Na sua sequência vieram vários outros periódicos. Dentre os periódicos oficiais da Igreja Presbiteriana do Brasil, foram publicados 'Revista das Missões Nacionais', 'O Estandarte', 'O Século', 'Norte Evangélico' e 'O Puritano'. Estes dois últimos foram os precursores do 'Brasil Presbiteriano', fundindo-se para formar um único periódico nacional que servisse à Igreja Presbiteriana do Brasil. A fusão ocorreu em 1958, preparando a Igreja para as comemorações de seu primeiro centenário no Brasil.

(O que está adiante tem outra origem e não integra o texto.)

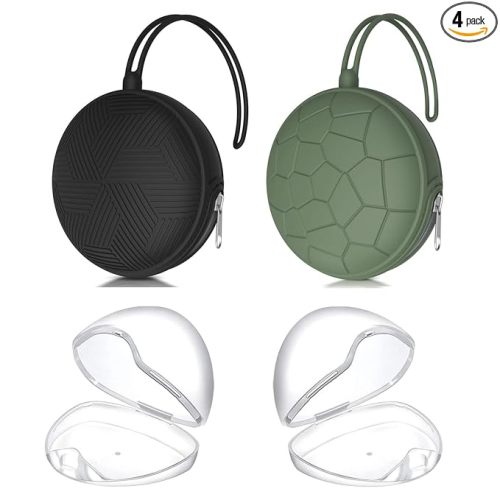 4 Pack Pacifier Holder Case Set,2 Silicone Portable Pacifier Cover Pouch Bag for Diaper Bags Baby Carriage with 2 Transparent Pacifier Storage Container Box,Easy to Clean,(Green+Black)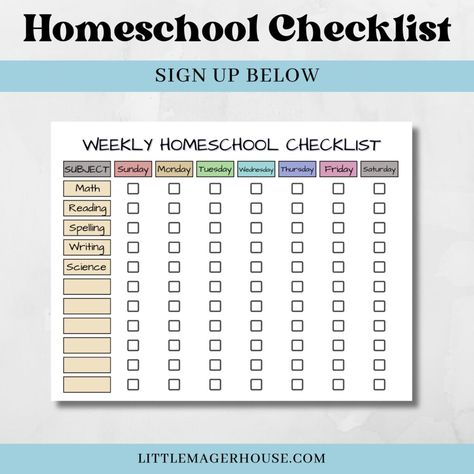 Free Printable Homeschool Schedule Checklist Homeschool Checklist Printable, Homeschool Checklist For Kids, Homeschool Daily Schedule Template, Printable Homeschool Schedule, Homeschool Checklist, Homeschool Daily Schedule, Curriculum Planner, Free Printable Chore Charts, Free Homeschool Printables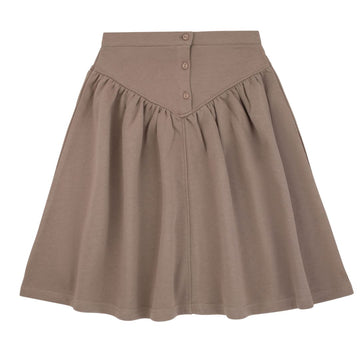 Bondoux Sherpa Embroidery Taupe Skirt (261SK)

O novo jornal cumpriu suas funções de informar o povo presbiteriano, publicando estudos bíblicos, artigos inspirativos e muitas instruções sobre o campo de trabalho, suas entidades e organizações internas, seu crescimento - no espírito da sarça ardente que não se consumia. Além de informar, também orientou a mente presbiteriana, isto é, lutou por formá-la. Seu foco foi sendo mudado. De jornal aberto às questões nacionais, como era o caso da 'Imprensa Evangélica' e de outros, como 'O Puritano', centrou sua atenção na vida interna da própria denominação. Verificou-se um caminho que se estreitava, que deixava a participação na vida nacional para assumir a atitude de "gueto". A divulgação de fatos ou a informação, com objetivo de formação de uma mentalidade presbiteriana, pôde ser caracterizada como o uso do poder da (in)formação. De informativo para instrumento de projeção política, foi muito tênue a separação.

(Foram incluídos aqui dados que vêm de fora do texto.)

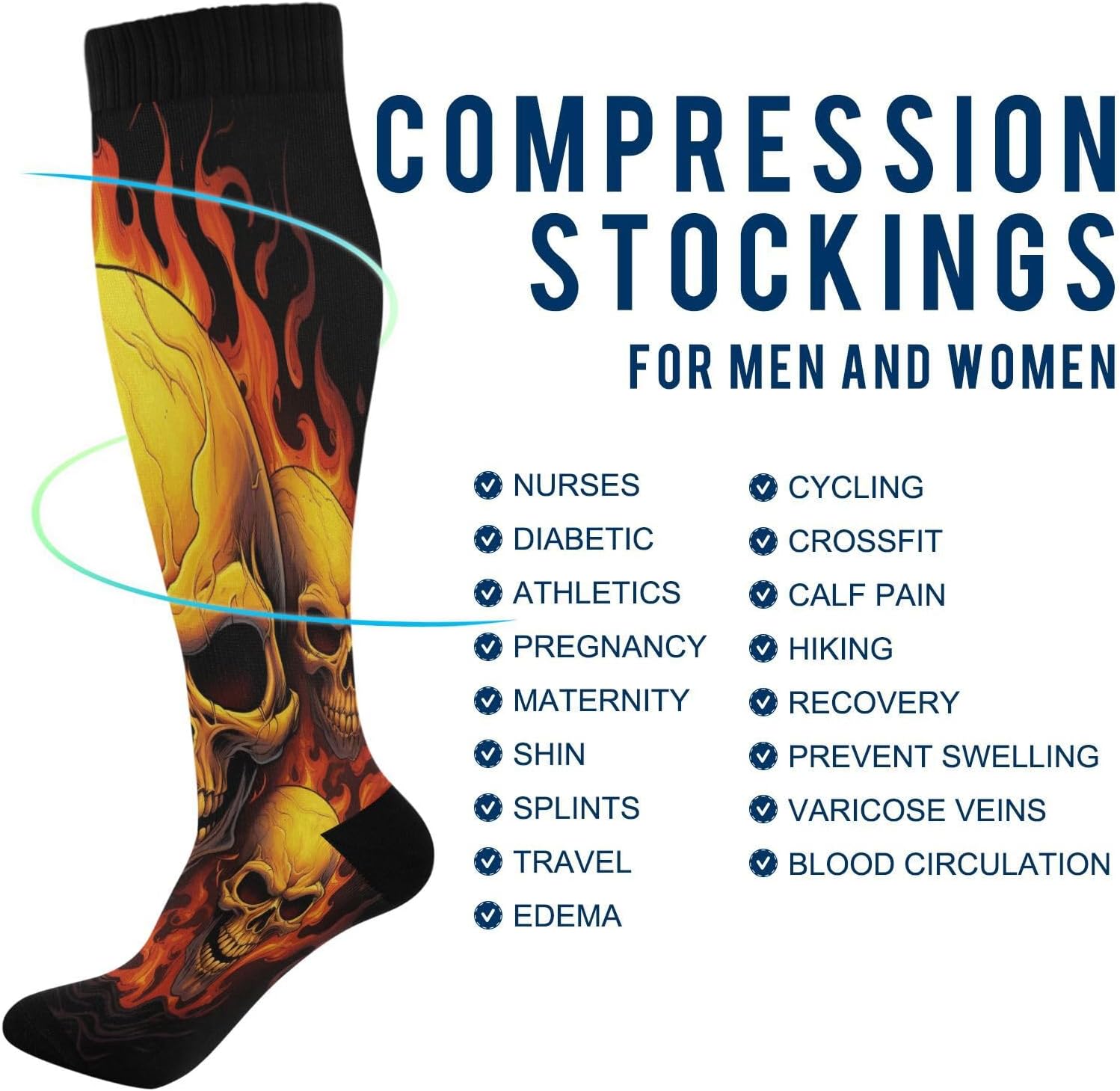 Flame Skeleton 1Pairs Compression Socks of Men & Women,Knee-High Sports Socks for Women & Men Winter Hiking Soccer Running Cycling Nurses Travel - Image 5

Enquanto a primeira fase do jornal 'Brasil Presbiteriano' (1958-1964) se caracterizou pela abertura (1958-1964), a segunda fase pendeu para o lado político conservador, usando o mesmo modelo aplicado à vida política nacional da época: "expurgo". Também ocorreram dissoluções de concílios dissidentes e o fechamento de portas para que a oposição não se expressasse.

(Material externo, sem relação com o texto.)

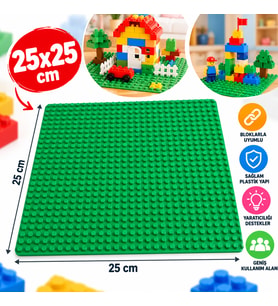 25x25 cm Blok Oyun Tablası Yeşil Yapım Oyuncakları İçin Zemin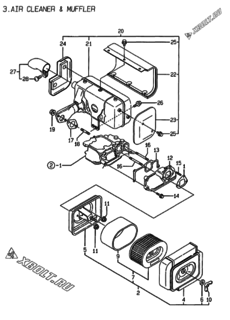  Двигатель Yanmar L100AEDERBOY, узел -  Воздушный фильтр и глушитель 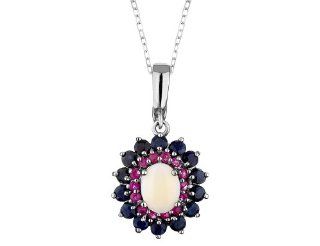 Sapphire, Ruby and Opal Pendant Necklace 7.0 Carats (ctw) in Sterling Silver with Chain Jewelry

A outra tendência dentro da Igreja articulou-se por meio de uma "oposição construtiva". Porém, dentre os oposicionistas, havia um grupo que foi mais adiante e acabou formando uma nova denominação, separada da Igreja Presbiteriana do Brasil. Assim, a oposição à administração da Igreja foi expressa em jornais paralelos, fossem eles de "oposição construtiva" dentro da mesma denominação, fossem eles de declarada oposição, com a cisão do grupo e a formação de outra Igreja. O jornal também mostrou clara oposição ao catolicismo romano predominante no país. Como consequência disso, não exerceu abertura ecumênica, por considerar o ecumenismo como uma forma de romanismo, logo, uma forma de apostasia. Aos da própria casa que penderam para o diálogo com esses "inimigos", foram também desferidos golpes, o que este estudo considera como combate a inimigos domésticos, ou "fogo amigo". Com isso o 'Brasil Presbiteriano' definiu sua posição prioritariamente anticatólica, depois antiecumênica e, ainda, contrária aos próprios inimigos domésticos.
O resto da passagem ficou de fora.